February 24, 2007
The Cult of the Quantifiable
Filed under: NCLB Testing by Leo Casey @ 11:50 am
In his latest contribution to the ongoing debate over the Aspen Commission’s NCLB report, Kevin Carey dismisses what he describes as our “the standardized attack on standardized tests.” For all of the failings of actually existing standardized tests, he opines, they provide needed information, albeit imperfect information, on student learning. And as information on student learning, they are the window through which we can observe the quality of teaching.
He then asks:
What level of imperfection can we tolerate, given the way the information will be used?… Leo clearly thinks that our current tests fall below that threshold. Okay, I’ll bite: how good does student assessment information — from standardized tests or any other source — have to be before it would be appropriate for use in determining teacher salaries? 100% perfect and unassailable in every way? If not perfect, how good? 95%? Let’s put a number on the table and then figure out what it would take to get there.
This passage, and the assumptions of Carey’s general position here, expresses a particular view of how one can meaningfully assess actual student learning. It is a not a view unique to Carey; it could just as easily have been written by a Checker Finn or a Rick Hess, and it informs the most problematic parts of the Aspen report. At the center of all of their work is the assumption that it is possible and desirable to capture the most important aspects of student learning through the metrics of standardized testing, whatever the flaws in the actually existing tests.
The single-minded focus on what is measurable in quantifiable terms [so-called 'hard data'] is often presented as the royal road, if not the only road, to educational accountability. In this respect, it commonly takes on the stern language of the superego, and invokes a ‘father knows best’ paternalism in addressing teachers and parents — just take note of Hess’ fixation with the metaphor of ‘tough love’ and Carey’s charming description of his view as the “grown up” one. But when one looks beyond the paternal language, what one finds is a educational world view which studiously ignores ‘best practices’ in other fields.
Consider the political arena. Carey, Finn and Hess know, without doubt, a large number of ‘hard nosed,’ no nonsense politicians and elected officials of the center to right. But between the three of them, it is questionable that they could produce even one politician who practices politics the way they want to practice education. In contemporary politics, it is axiomatic that one must combine quantifiable measures of public opinion [polls] with qualitative studies [most commonly focus groups]. Each tool produces different and distinct sets of knowledge: polls provide what might be called thin but generalizable knowledge, while focus groups provide what could be described as thick but specific knowledge. Polling data can tell us where different candidates and elected officials stand with the public, or public views of particular issues of the day; conducted over time, polls can identify trends in those standings. But what they can’t provide is robust and rich insights into why the public views the candidates and issues the way it does, how those different views are interconnected, and how they might change, if the public figure employed a particular approach. That sort of knowledge, the so-called ’soft data,’ can only be plumbed with tools of qualitative assessment such as focus groups. Politicians across the political spectrum understand very well the importance of possessing and using both sets of knowledge.
Educational assessments operate in analogous ways.

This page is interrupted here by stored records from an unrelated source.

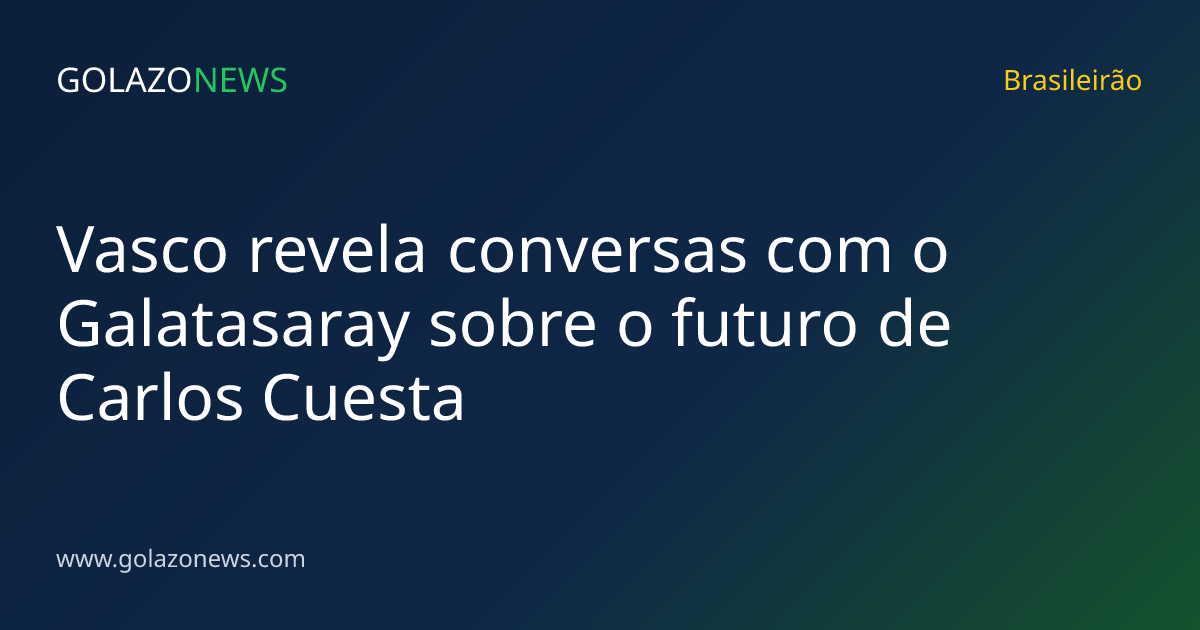 Vasco revela conversas com o Galatasaray sobre o futuro de Carlos Cuesta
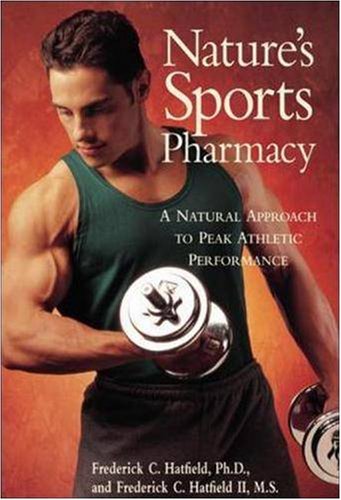 Nature's Sports Pharmacy: A Natural Approach to Peak Athletic Performance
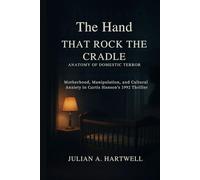 THE HAND THAT ROCKS THE CRADLE: ANATOMY OF DOMESTIC TERROR: Motherhood, manipulation and cultural Anxiety in Curtis Hanson's thriller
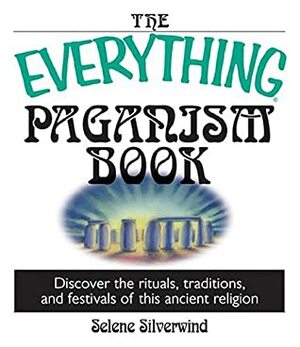 Everything Paganism Book by Selene Silverwind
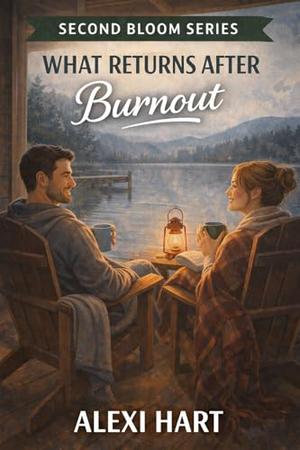 What Returns After Burnout by Alexi Hart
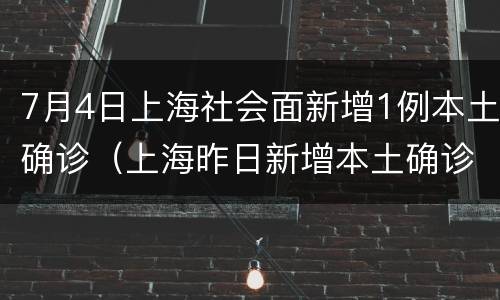 7月4日上海社会面新增1例本土确诊（上海昨日新增本土确诊）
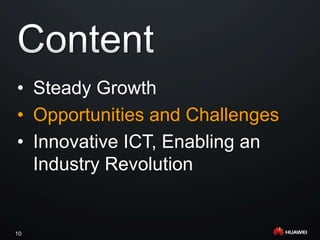 Huawei Enterprise Business Group Growth, presented by David He, President Marketing & Solution Sales Dept, Huawei EBG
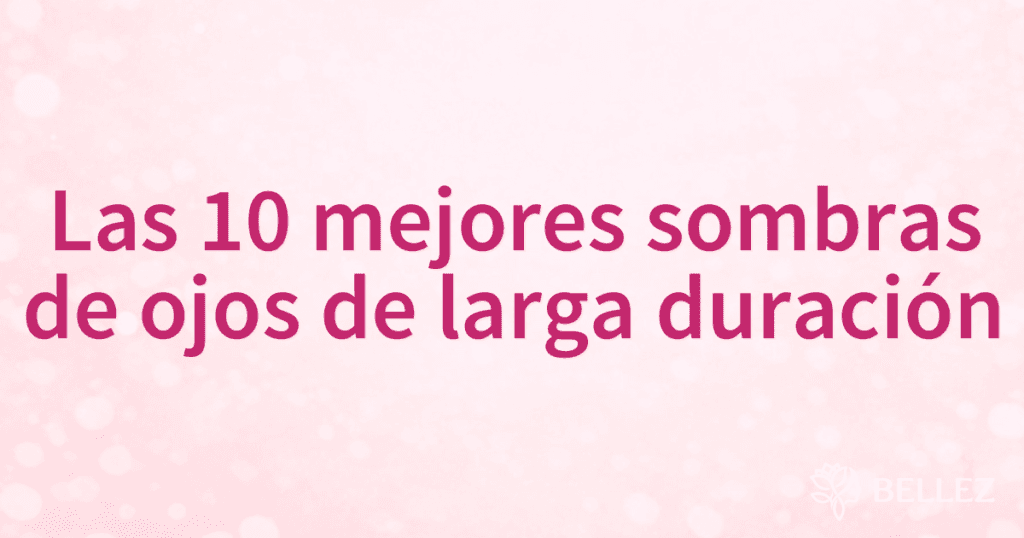 Las 10 mejores sombras de ojos de larga duración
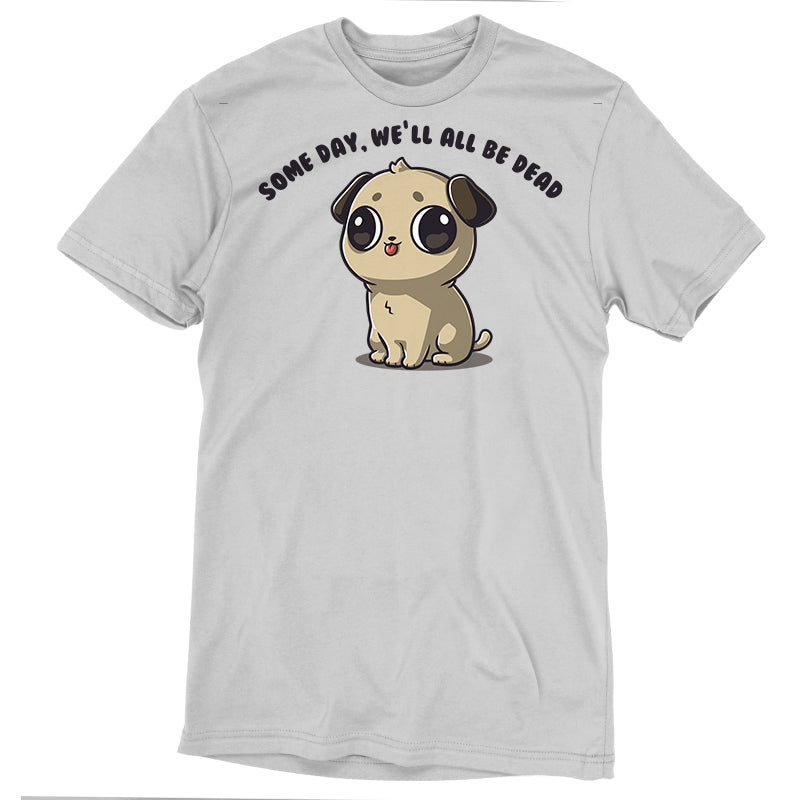 Some Day, We'll All Be Dead Unisex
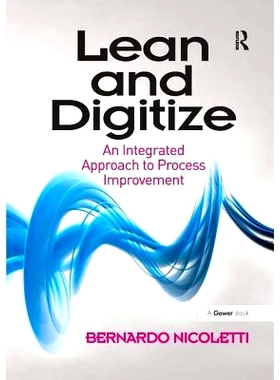 预订 Lean and Digitize: An Integrated Approach to Process Improvement: 9781138261761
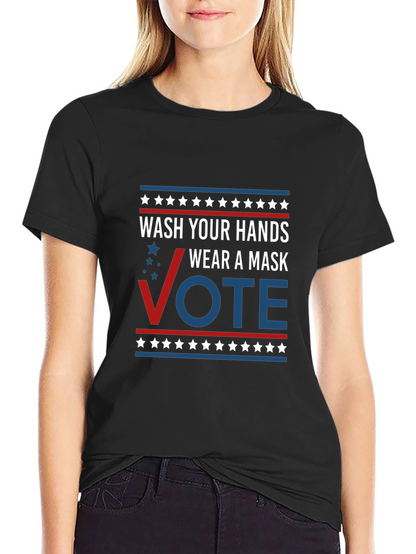 Wash Your Hands Wear A Mask Vote T-Shirt
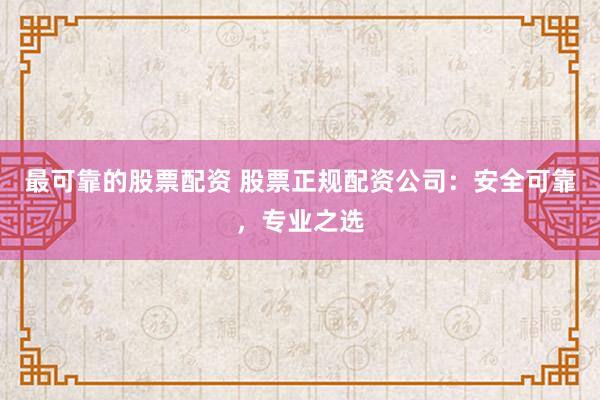 最可靠的股票配资 股票正规配资公司：安全可靠，专业之选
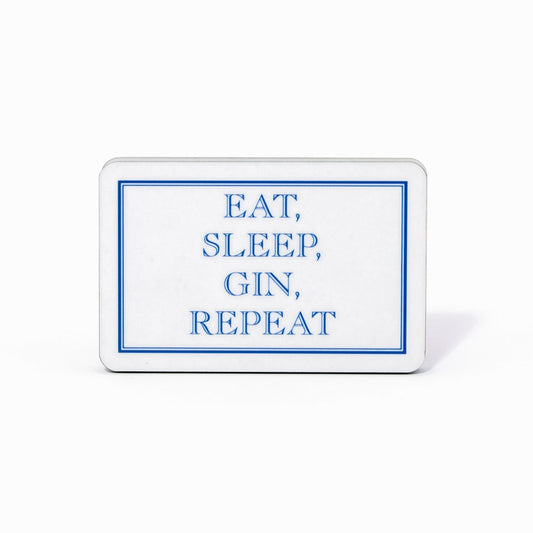 Eat, Sleep, Gin, Repeat Magnet
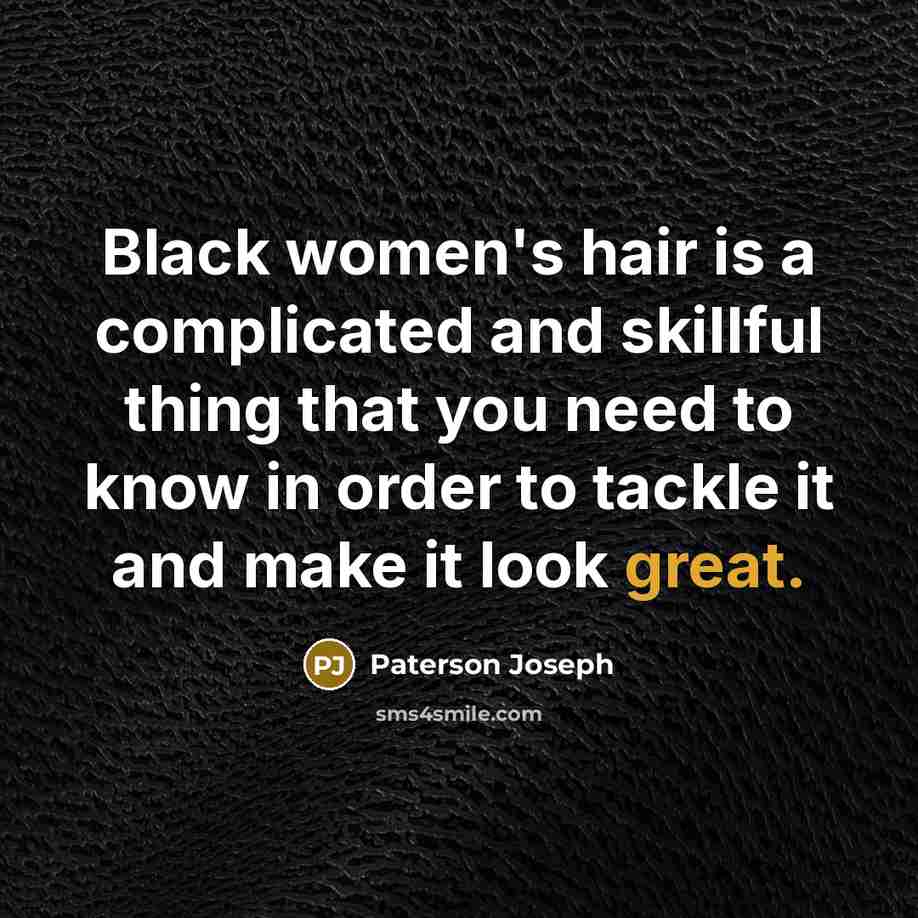 “Black women's hair is a complicated and skillful thing that you need to know in order to tackle it and make it look great.” quote by Paterson Joseph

The more rudimentary or elementary the skill, the easier it is to assess it definitively through quantifiable measures and standardized tests. There is no reason, as least in principle, why a standardized test could not provide reasonably accurate measures of basic reading comprehension, basic computational skills or the ability to recall and use discrete pieces of information. True, a great many standardized tests in use today do not meet that benchmark, but these failings are more a function of districts and states constructing such tests ‘on the cheap’ and misusing tests for purposes other than those for which they were designed. One can not ignore those shortcomings, or write them off as an acceptable margin of error in some statistical sense, as Carey wants to do, but they can not be an argument against a singular reliance on any standardized test. The real problem is more fundamental.
The most important skills we want our students to possess upon graduation from high school — how to write a persuasive essay which convincingly presents a logical argument with supporting illustrations; how to research a major issue, organize the evidence from the research and write a research paper which synthesizes the evidence in support of a thesis; how to deliver a coherent, convincing oral presentation; how to take a real life technical problem, and using the tools of analysis and computation, develop real life solutions — simply can not be meaningfully assessed through standardized tests. One needs performance assessments, necessarily qualitative in nature, to assess these skills. It is only in a careful evaluation of a written essay, for example, that one can assess the ability to write a strong persuasive essay. Note that these skills which can only be meaningfully assessed through actual performances are the very same skills that are indispensable for success in a post-secondary educational setting, and that are in demand in the global knowledge economy.
Qualitative, performance based assessments should not be mistaken for subjective assessments. Just as there are protocols and best practices which generally govern the operation of focus groups, there are generally recognized standards for what constitutes a proficient and an excellent essay. It is even possible to formalize those standards in the form of rubrics, thus maintaining a necessary level of rigor and maximizing the consistency of the assessment among different raters. What can’t be done is the reduction of the complex skills of essay writing to the form of a standardized test, where they can be quantified and neatly distributed along a normal curve.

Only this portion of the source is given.